Lighthouse Labs Rolls Strikes

It’s nice to have a seed-stage business catalyst in town. On July 24, 2024, Richmond, Virginia-based Lighthouse Labs announced the 17th cohort of companies participating in its accelerator program. (I wrote about Lighthouse eight years ago in a post comparing Richmond and Silicon Valley.) On August 27, Lighthouse hosted a meet-and-greet for this batch of seven companies at River City Roll, a boutique bowling/food/live music venue in Richmond’s historic and vibrant Scotts Addition district.

Lighthouse takes a founder-centric approach. It offers $20,000 grants per startup, but the bigger value is a three-month experience aimed at helping the founders develop and quickly expand their businesses. Public events are part of the deal. They help bring the tech and investing communities together, publicize the new ventures and remind us that launching a business is itself worth celebrating. This year’s lineup includes three medically related ventures, several riding the AI and automation wave, and one in the food category.

Medical Startups in Lighthouse’s 17th Cohort

The medical startups include Liquuet, which has developed a catheter that offers a personalized approach to treating blood clots in the lungs. Along with being able to treat both lungs at the same time with one device, their catheter provides real-time pressure monitoring, which can allow a doctor to optimize drug delivery on a patient-specific basis.

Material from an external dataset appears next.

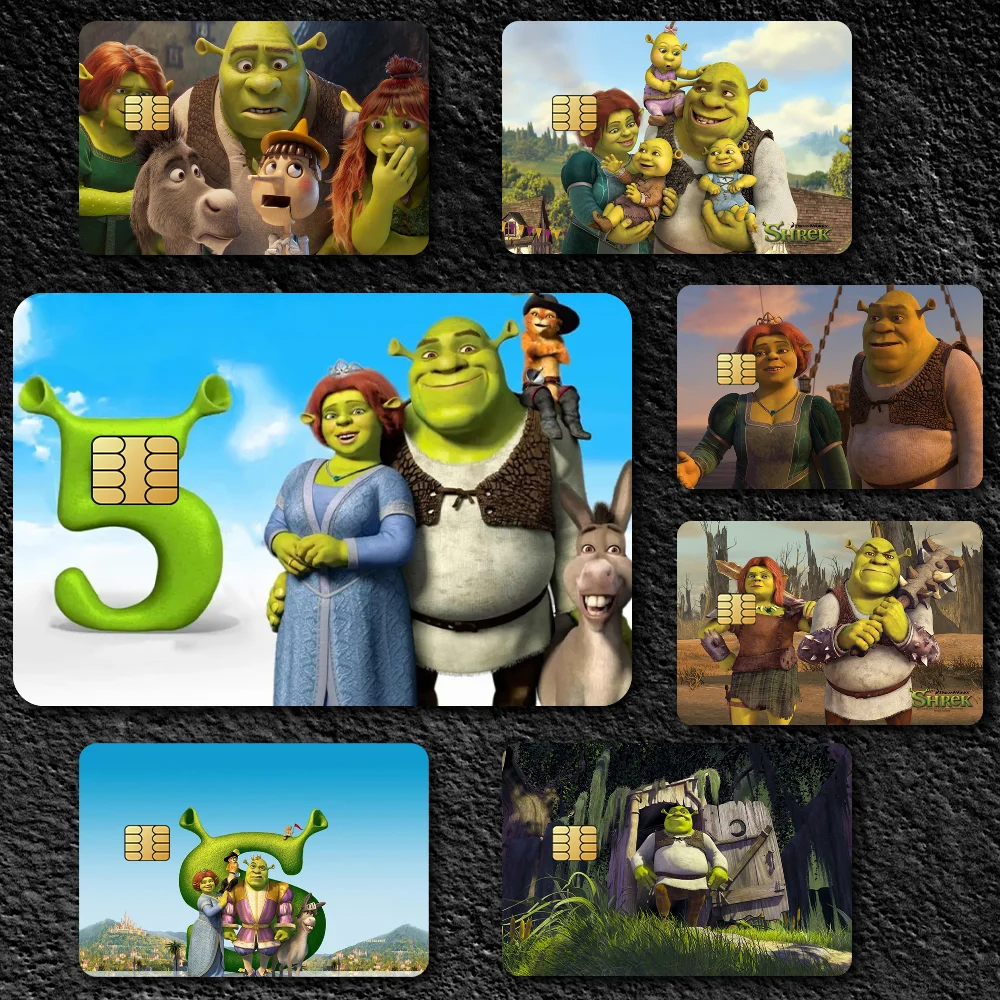 كارتون S-Shrek 5 KFilm غطاء جلدي ملصقات بطاقة الائتمان 4 قطعة ديكور أمامي للخصم حافلة البنك ممر مقاوم للماء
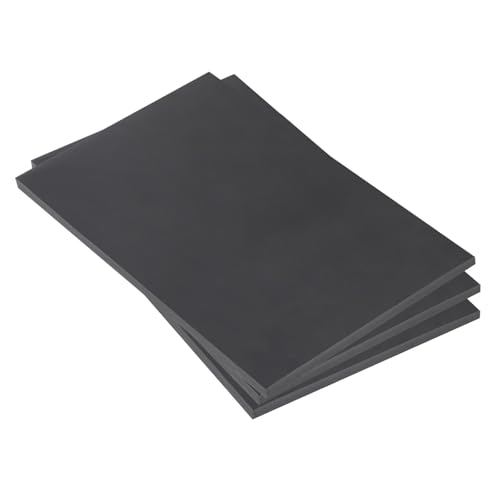 Image of Expanded PVC Plastic Sheet 5 /16 inch Thick, 6 inchx12 inch Lightweight Rigid Foam Sheet, [for Crafts Signage Displays Digital Screen Printing] - Black / 3 Pcs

Liquuet caught my eye because of some writing I’ve been doing on a “moon-shot” initiative involving cardiovascular bio digital twin technology, which also envisions personalized medical treatments. Liquuet is closer to go-to-market, which can still be a long haul for medical devices. In my chat with Co-Founder and CEO John Schindler, I heard that achieving FDA approval was now top of mind.

The two other medically oriented ventures are SurgicalEd VR, which enables immersive, haptic-based training for surgeons doing “blind procedures,” and Parrots, an AI-driven smart assistant that provides early detection, personalized care and real-time monitoring for neurodegenerative diseases. The latter would seem a good fit for adults in the so-called ‘sandwich generation,’ busy with both children and aging parents.

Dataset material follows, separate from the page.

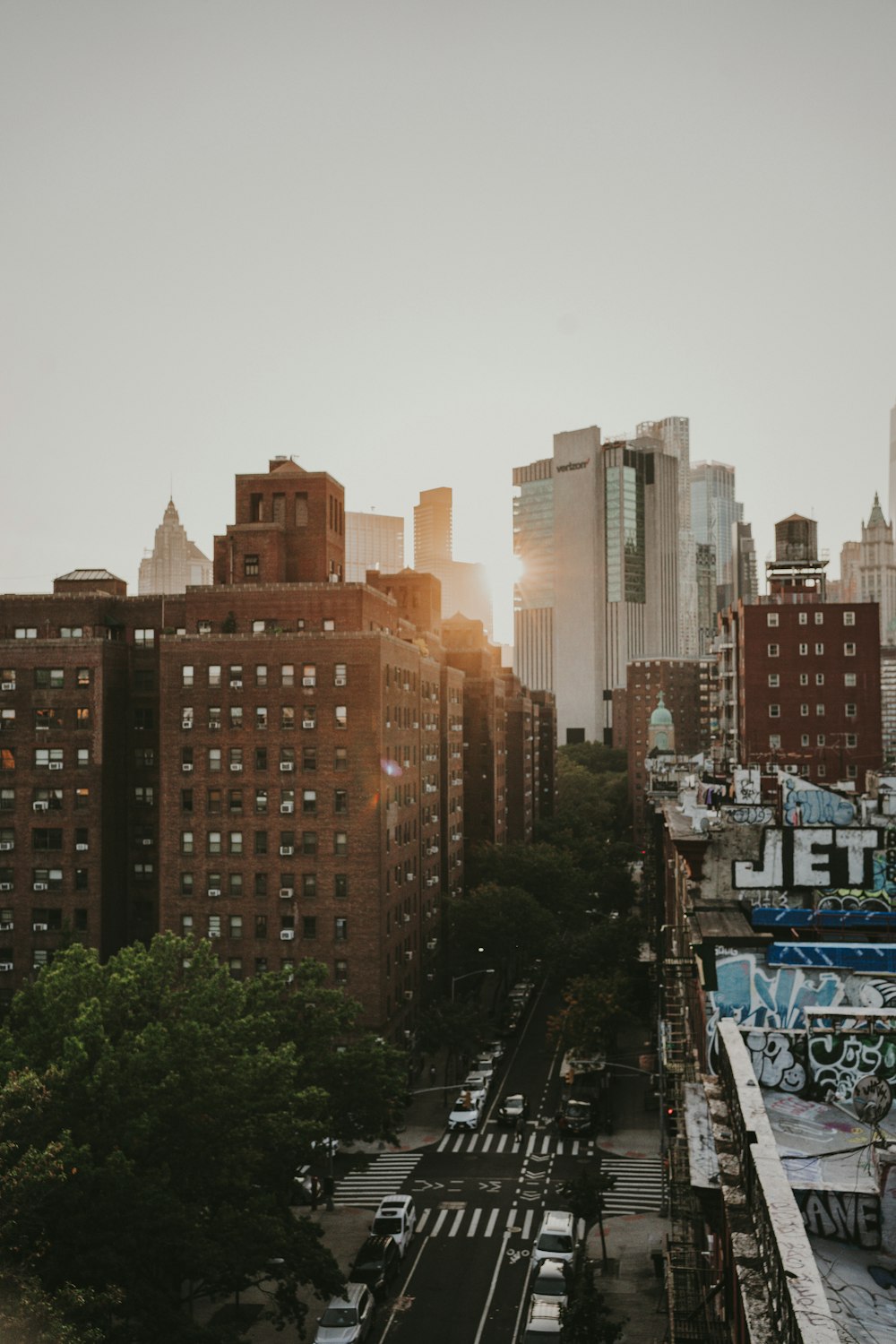 a view of a city with tall buildings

More AI, HR and Comfort Food

Also on the AI front are Empathix and VerbaAI. Founded by social scientists, Empathix offers an “AI interviewer for global market research.” The idea is to harvest the insights you can gather from deep, qualitative interviews, yet do so at the scale and speed of surveys. VerbaAI has software that aims to “strengthen the information environment” through comprehensive news tracking and monitoring. Its Forentify digital forensics platform can detect manipulated media frame-by-frame and pixel-by-pixel.

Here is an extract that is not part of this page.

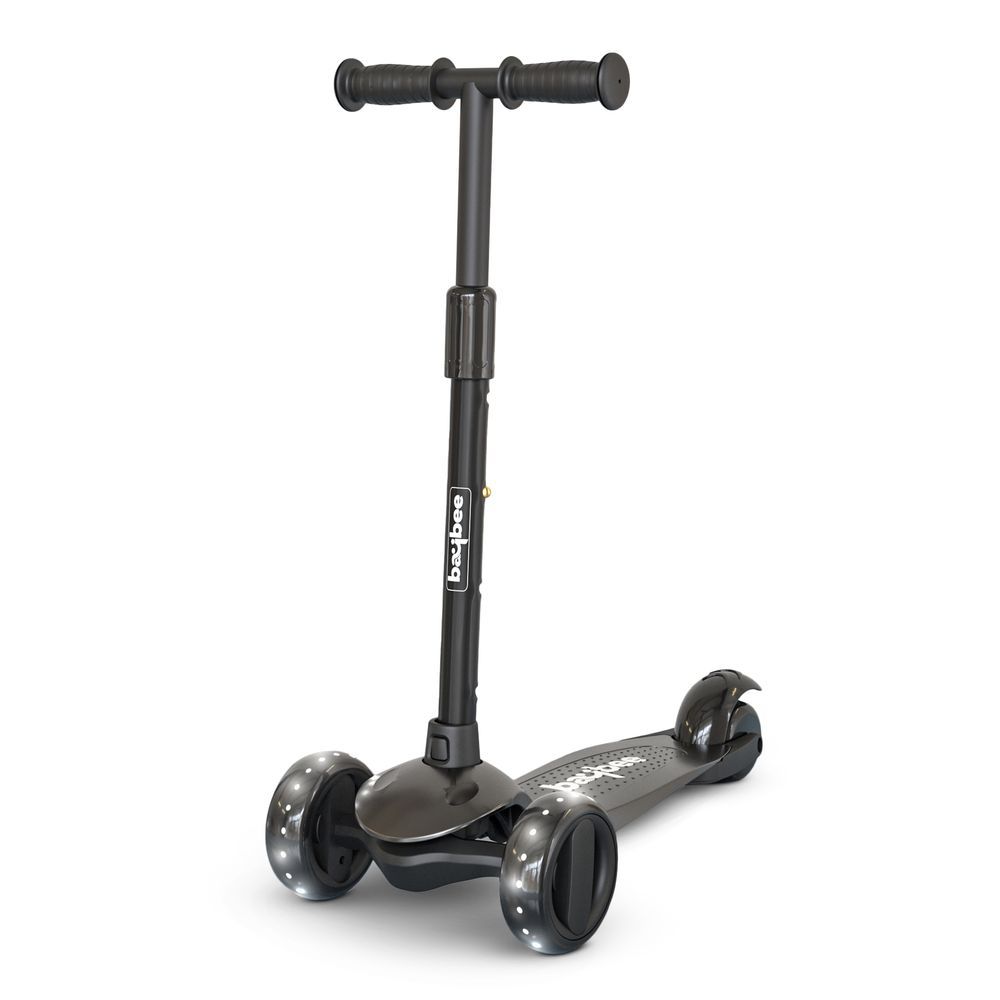 Baybee - Alpha Kids Scooter With LED PU Wheels - Black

For small and medium-sized companies that suffer from inefficient post-hiring or workforce development processes, the founders of Gateway have built an onboarding and training platform that streamlines the new employee journey and helps equip a company’s workforce with the skills they need to thrive and contribute.

Finally, on the business-to-consumer (B2C) front, for anyone who craves home cooking but is starved for time, Myles Comfort Foods has an answer: Mac & cheese. To be more specific, founder Myles Powell, trained as a civil engineer and reinvented as a culinary entrepreneur, offers macaroni with three flavors of “decadent cheese sauce”: Buffalo Style Chicken, Homestyle, and Philly Steak & Cheese. Frozen (but aiming to differ from “frozen foods”), these one-serving bowls are ready to eat in five minutes.

Shining Light and Rolling Strikes

Samples were on hand, as well as drinks and good conversation. (After running the circuit, I spotted a data scientist friend talking to one of his colleagues and joined their booth.) Compliments to Lighthouse, whose grants over the past 17 years have totaled about $2.5 million. They have a good track record. Most of the companies that have gone through their accelerator program are still active, and some have “rolled strikes,” successfully exiting through an acquisition. We’ll see what happens with these seven.